О том что "Новый мир" неплохо справляется с поставленной задачей, свидетельствует такой пример. Леонид Парфенов в своем многосерийном проекте "Новейшая история" на НТВ перечисляя самые значимые события 2000 года, говорит: "Новый мир" напечатал Бориса Акунина". (Борис Акунин. "Чайка". Комедия в двух действиях. № 4, 2000) Его слова прозвучали так, как будто тексты Акунина, наконец, получили сертификат качества. "Новый мир" одобрил, значит и мы, все те, кто зачитывается Акуниным, не полные бараны и неучи. Значит Акунин и вправду писатель.
Желание держаться литературного норматива и до известной степени его определять, чревато не только приятными признаниями и солидным авторитетом, но и определенной сухостью стиля. Журнал, сознательно ориентируясь на норматив - не имеет права на риск, на эксперимент. Почти не имеет. Нужно брать проверенные, обкатанные, не слишком провокационные тексты. Но, страхуясь от провалов, приходится срезать и вершины, особенно если они растут вкривь и вкось. А ведь самые блестящие вещи, как раз, так и растут. По-настоящему новое и талантливое никогда не укладывается в рамки норматива, потому что оно определяет норматив будущего.
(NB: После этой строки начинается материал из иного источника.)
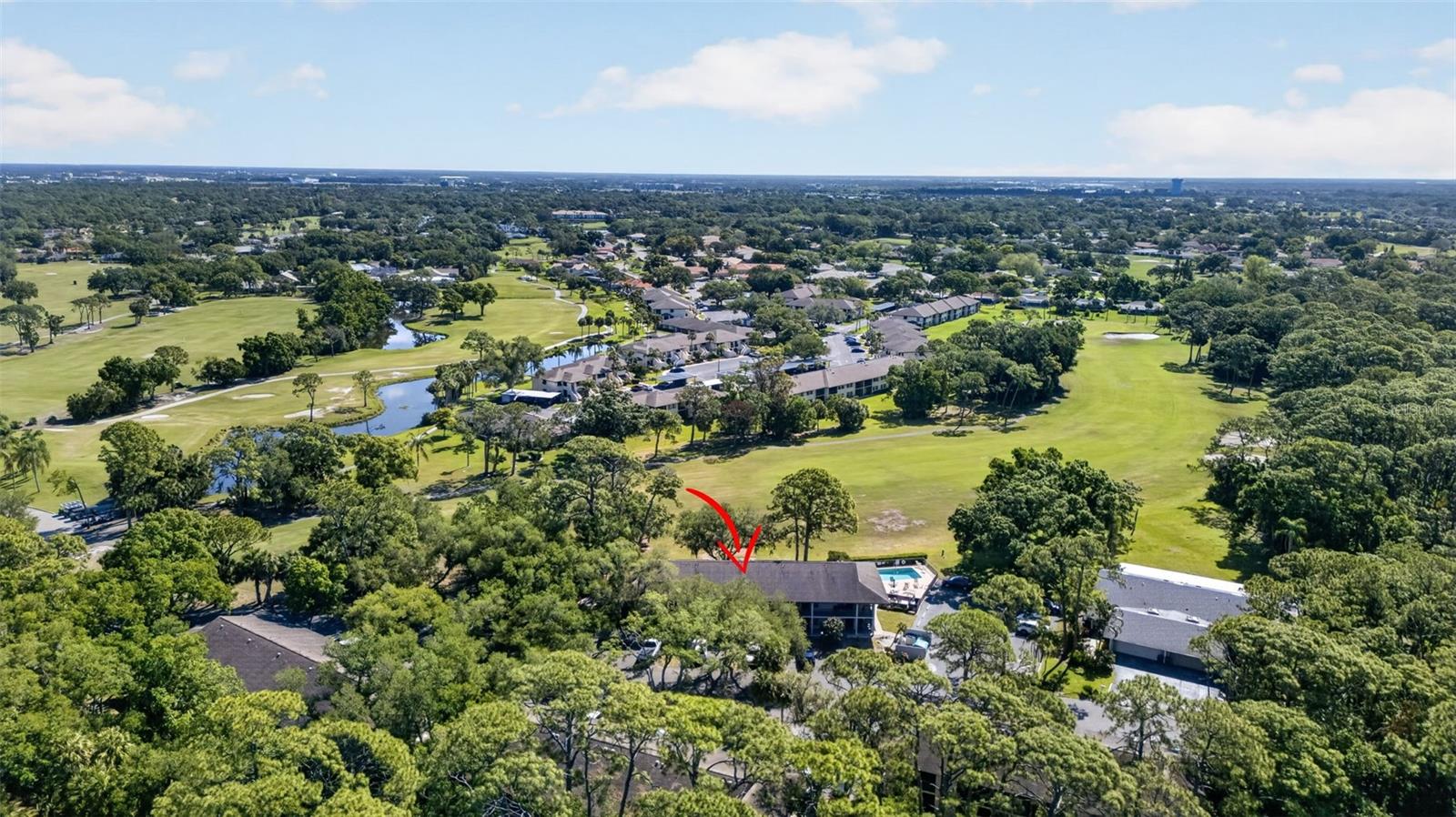 QUAIL HOLLOW - Residential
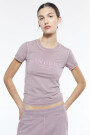 REMERA BRYCE Natural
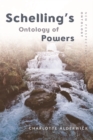 Image for Schelling&#39;s ontology of powers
                                 Мне хочется

Я хотел бы издать книгу стихов, написать несколько статей, а, может быть, книгу.
Я никогда не откажусь от того удовольствия, которое дает размышление над вечными вопросами. Например, что такое язык? что такое реальность? что такое красота?

    

 

Хочется мне:
бродить по городу, по магазинам, лоткам и развалам,
раскопать печатные груды,
купить долгожданную книгу,
читать, валяясь на диване, грызть сухарики,
пить крепкий свежезаваренный чай с лимоном и сахаром,
выгуливать свой организм вокруг Царицынского пруда
под свежим мартовским небом
и размышлять
о Герцене и атеизме,
о расширяющихся контекстах,
о человеке и сильном антропном принципе,
о жизни своей непростой, как сказал бы Сашушка Генин,
о бесконечности,
о возможных мирах, интеллекте и интернете,
о Хакене и Пригожине,
о диалектической логике и великой логической традиции,
о Платоне,
о собственной глупости и мировом уме,
о композиции пушкинских "Бесов",
о "Свободе" и славе,
о "Гибели богов" и энергии ненависти,
и о многом другом, о многом другом.
Возвратиться домой,
усесться в кресло,
посмотреть живой интригующий футбольный матч…
И ничего, ничего, ничего не писать,
ни оператора, ни символа, ни строчки, ни слова, ни буквы.
Ничего никогда.

 

Так в фильме Пьера Паоло Пазолини, снятом по сюжетам "Декамерона", художник, закончив работу, говорит: "Зачем нужно тратить столько труда на то чтобы писать картину, если так приятно просто думать о ней".


Успех


Юношей я самозабвенно мечтал о славе. Но все должно приходить вовремя. Для сорокалетнего человека слава не цель, а побочный продукт производства, к тому же необязательный. Нужна не слава, которая известность, а твердая уверенность в ценности сделанного. И беда в том, что эту уверенность не может дать никакая слава. Успех - это всегда признание черни, толпы. Поскольку это она решает, что же именно ей нужно. В своем эссе "Нобелевская премия" я предоставил ей слово.
___________________
Я хотел бы прожить подольше, чтобы мои дети выросли в относительном достатке, чтобы их не коснулась калечащая душу нищета, хотел бы оставить им небольшое состояние и книгу, которую они, может быть, прочтут. И обо мне вспомянут.